Section 12
Health Professions School Application Process: Requesting Letters of Evaluation*
Howard Duncan
All health professions schools require letters of evaluation. Consider the following points while you are requesting these letters.
- You are encouraged to get strong letters of evaluation from faculty in science (usually two) and non-science classes where you performed well.
- Letters are also helpful from work supervisors, health professionals, summer academic program directors and faculty, summer research mentors, institutional research faculty, teaching assistants, and people whom know you from many perspectives (e.g., student government or organizations, music, sports, church, hobbies).
- It is your responsibility to find out if your particular institution has an established protocol for requesting letters of evaluation.
- Faculty writing letters of evaluation for you should be:
- knowledgeable and experienced in assessing pre-medical students
- familiar with medical school education
- familiar with the qualities that admissions committees are seeking
- able to compare you with your peers
- well acquainted with you
- Be courteous. Remember, you are making a request. A professor does not have to write a letter of evaluation for you.
- Your initial request for a letter of evaluation should include these basic questions:
- Would you be willing to write a letter of evaluation for me?
- Do you feel it can be a positive letter? If you sense any reserve or hesitancy on the part of the evaluator, you may want to discuss the matter with the individual. You may decide not to continue with this request and ask someone else.
- May I make an appointment to talk to you and review my qualifications?
- I would like for you to mention ___________ (fill in the blank) in the letter you write for me. Do you feel you could do that?
- Provide a brief résumé and autobiography to the evaluator to enhance the content of your letter or recommendation. Both of these should be typed. You may also want to meet with him or her so that you can elaborate or clarify points made in your résumé and autobiography. While the résumé outlines academic and work history and honors, the autobiography emphasizes personal goals, background and history, avocations, and interests.
- You should request letters at least two to three months in advance of committee, advising, or school deadlines for submission.
- You must follow up to verify that letters were sent.
- Usually an institution will only give an address for where the letter should be sent.
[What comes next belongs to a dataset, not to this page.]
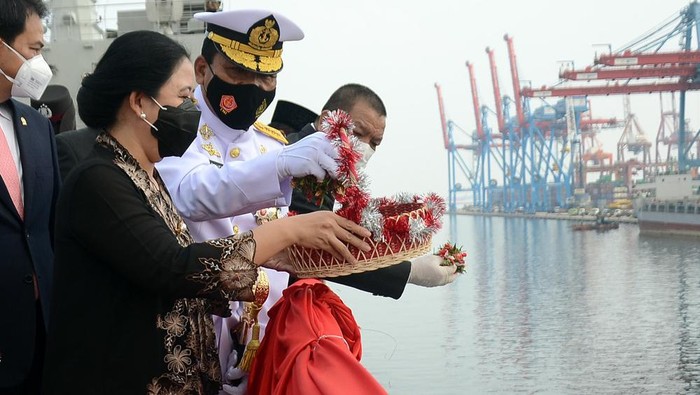 Momen Tabur Bunga di Atas KRI Peringati Hari Pahlawan Peringatan Hari Pahlawan juga digelar di atas KRI di perairan Teluk Jakarta. Wakasal bersama Ketua DPR, Puan Maharani pun ikut tabur bunga.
In this case you may pre-type an envelope with the address and offer to pay the postage for the evaluator. Some institutions require that letters of evaluation be on the evaluator's departmental letterhead, while others may provide a questionnaire and/or self-addressed envelope.
- Every section of an evaluation form that you must fill out must be typed. Carefully examine the form to see whether there is a deadline date and if it requires your signature. A decision may have to be made whether to waive your right to review an evaluation letter. Most students decide to sign the waiver, but it is up to you. If you provide a stamped addressed envelope to the recommender, it must be typed.
*Material for this section is based on the book by Jane Diehl Crawford, The Premedical Planning Guide, Baltimore, MD: Williams & Wilkins, 1994.